Your response should consist of the entries below, reproduced exactly and without their images.

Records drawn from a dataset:
........

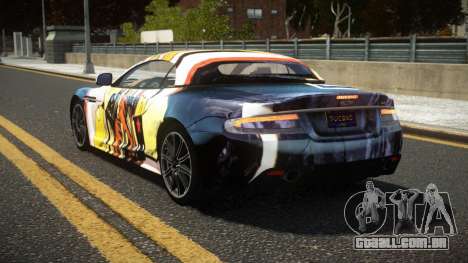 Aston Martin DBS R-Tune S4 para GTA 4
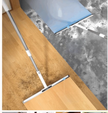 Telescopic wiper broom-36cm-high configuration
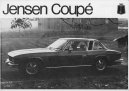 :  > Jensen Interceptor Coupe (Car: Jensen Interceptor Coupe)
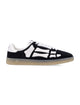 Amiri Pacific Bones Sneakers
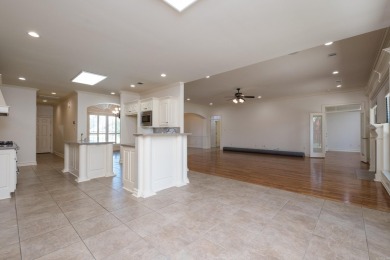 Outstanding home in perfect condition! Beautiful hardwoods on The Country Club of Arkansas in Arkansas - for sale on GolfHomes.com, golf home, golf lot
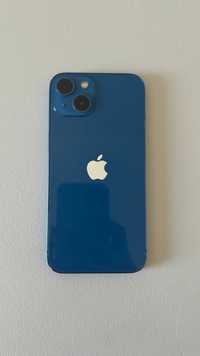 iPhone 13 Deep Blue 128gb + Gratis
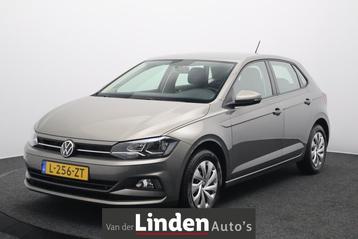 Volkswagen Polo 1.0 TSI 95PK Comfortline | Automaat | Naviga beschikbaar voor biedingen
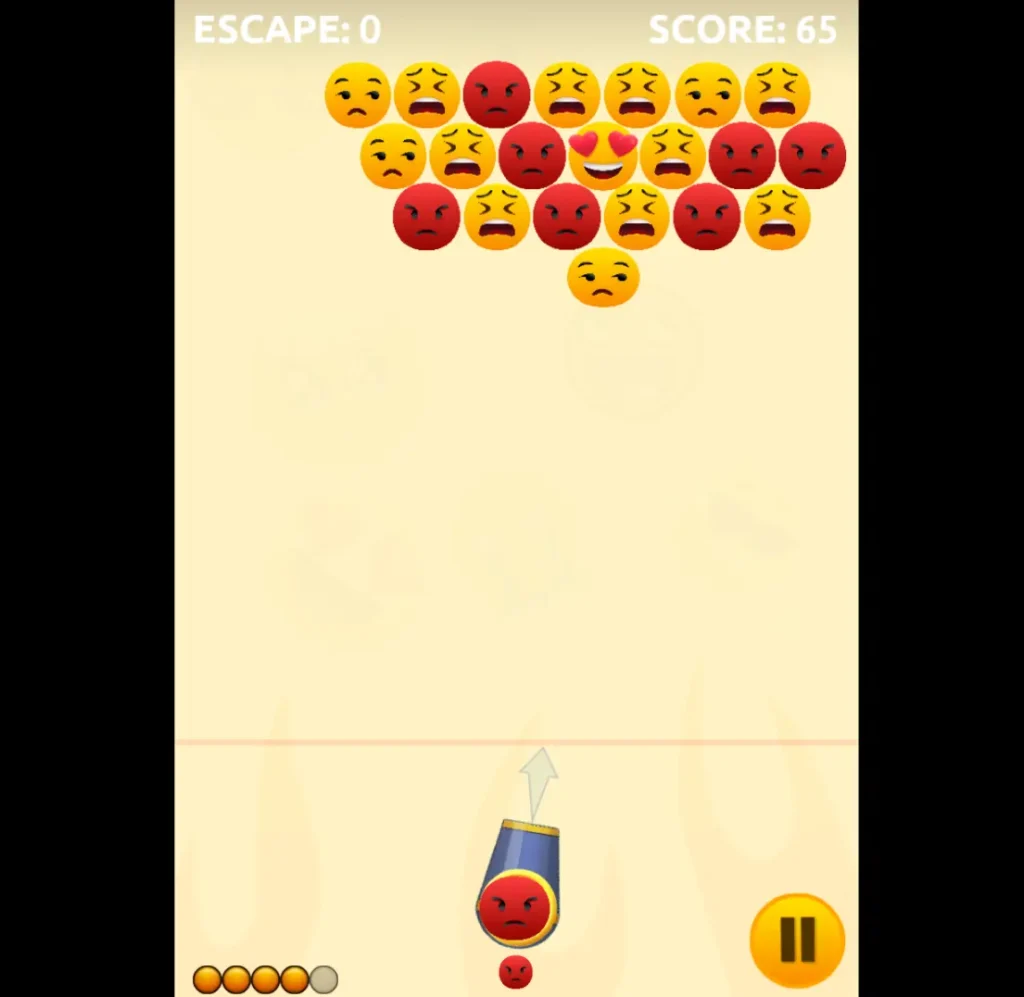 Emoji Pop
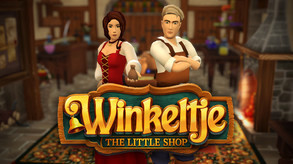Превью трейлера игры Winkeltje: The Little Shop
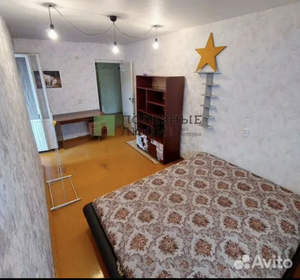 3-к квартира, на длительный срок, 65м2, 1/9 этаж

........

## Answer to this exercise
 Aston Martin DBS R-Tune S4 para GTA 4
 Telescopic wiper broom-36cm-high configuration
 :  > Jensen Interceptor Coupe (Car: Jensen Interceptor Coupe)
 Amiri Pacific Bones Sneakers
 Outstanding home in perfect condition! Beautiful hardwoods on The Country Club of Arkansas in Arkansas - for sale on GolfHomes.com, golf home, golf lot
 iPhone 13 Deep Blue 128gb + Gratis
 Volkswagen Polo 1.0 TSI 95PK Comfortline | Automaat | Naviga beschikbaar voor biedingen
 Emoji Pop
Превью трейлера игры Winkeltje: The Little Shop
 3-к квартира, на длительный срок, 65м2, 1/9 этаж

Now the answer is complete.